## DATA EXTRACT
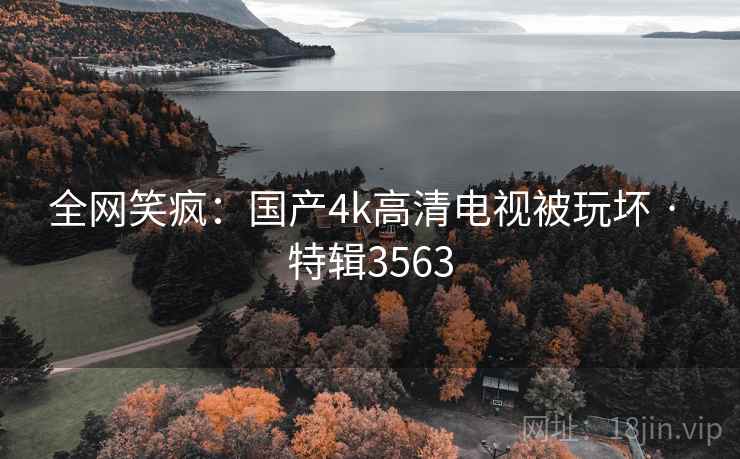 全网笑疯：国产4k高清电视被玩坏 · 特辑3563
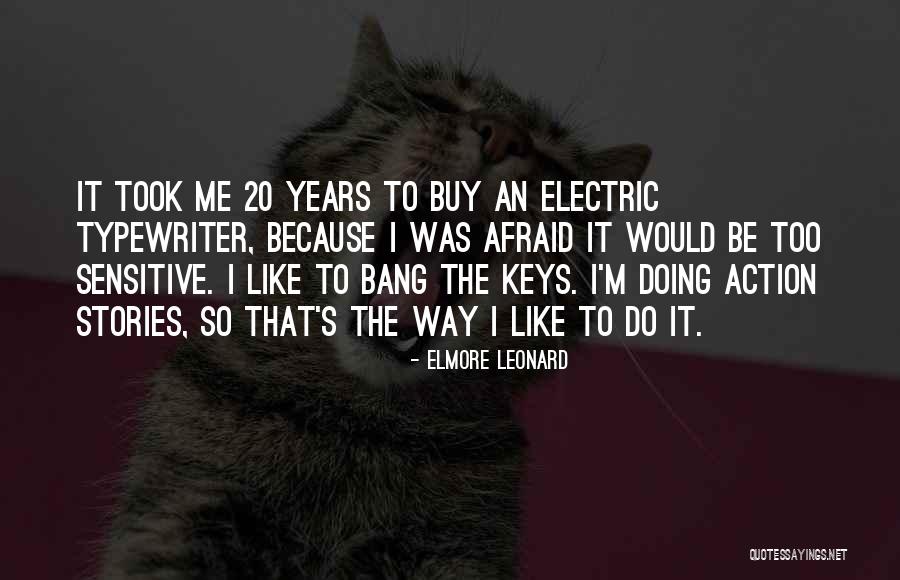 Elmore Leonard Quotes 1585088 Elmore Leonard Quotes 1585088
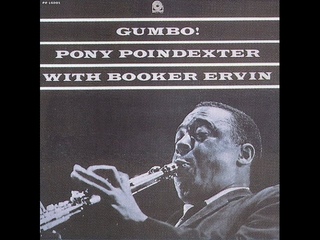 Pony Poindexter With Booker Ervin – Gumbo! (Full Album)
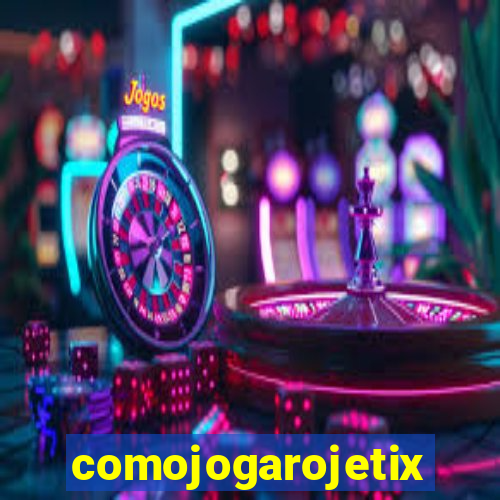 comojogarojetix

## PROBLEM DETAILS
From the first line to the last, transcribe the listing exactly; skip the pictures.

## OUTPUT FOR THIS TASK
 全网笑疯：国产4k高清电视被玩坏 · 特辑3563
 Elmore Leonard Quotes 1585088 Elmore Leonard Quotes 1585088
 Pony Poindexter With Booker Ervin – Gumbo! (Full Album)
 comojogarojetix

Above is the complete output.